● **What the task asks**:
What are the lines from the one with "this 640×480 image." through the end of the records below, written out exactly and without the pictures?

BEGIN Available data

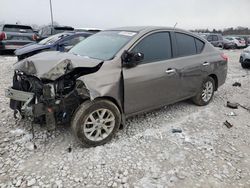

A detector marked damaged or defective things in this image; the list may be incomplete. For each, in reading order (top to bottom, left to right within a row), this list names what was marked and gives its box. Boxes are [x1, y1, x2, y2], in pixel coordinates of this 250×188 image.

shattered windshield [69, 30, 138, 60]
crumpled hood [13, 51, 102, 80]
wrecked bumper [4, 87, 34, 117]
front end damage [5, 53, 103, 129]
damaged sedan [4, 26, 228, 147]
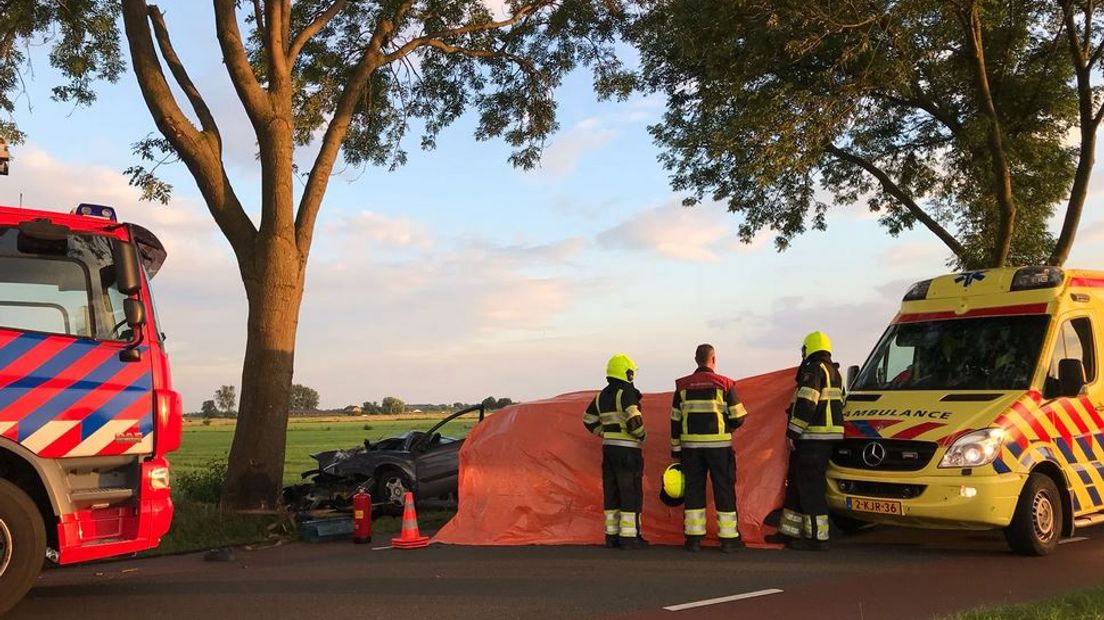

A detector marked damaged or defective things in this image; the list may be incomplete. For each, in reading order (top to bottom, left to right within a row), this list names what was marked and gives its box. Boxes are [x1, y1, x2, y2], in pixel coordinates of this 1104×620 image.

wrecked car [280, 401, 483, 511]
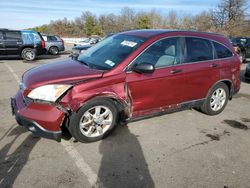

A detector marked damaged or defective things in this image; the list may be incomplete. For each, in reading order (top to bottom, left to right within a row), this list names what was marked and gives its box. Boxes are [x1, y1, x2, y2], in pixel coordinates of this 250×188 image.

crumpled front bumper [10, 90, 65, 141]
damaged red suv [11, 29, 240, 142]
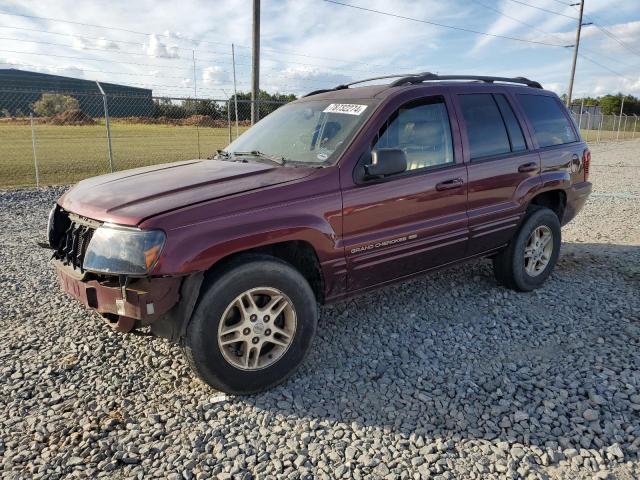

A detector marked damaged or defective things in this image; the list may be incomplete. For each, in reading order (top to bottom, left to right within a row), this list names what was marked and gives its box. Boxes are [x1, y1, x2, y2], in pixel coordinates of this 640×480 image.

broken headlight [82, 224, 166, 276]
damaged front bumper [53, 258, 181, 334]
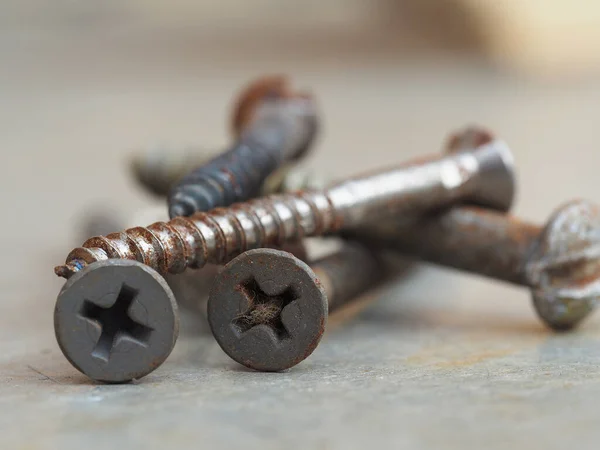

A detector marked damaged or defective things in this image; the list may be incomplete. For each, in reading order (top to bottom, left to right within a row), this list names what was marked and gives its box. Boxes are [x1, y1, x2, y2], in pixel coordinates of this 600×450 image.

END Available data

● **Exercise response**:
A detector marked damaged or defective things in this image; the list may be incomplete. For each, in reading order (top to bottom, left to right within a row), this list names what was marked and gives its box. Boxes are [x1, y1, x2, y2], in pixel coordinates of this 640×480 image.

broken headlight [82, 224, 166, 276]
damaged front bumper [53, 258, 181, 334]

A detector marked damaged or defective things in this image; the list may be incomplete. For each, in reading order (top to bottom, left to right within a row), this list names what was marked and gives its box. Boxes are [x1, y1, x2, y2], in pixel coordinates of this 600×450 image.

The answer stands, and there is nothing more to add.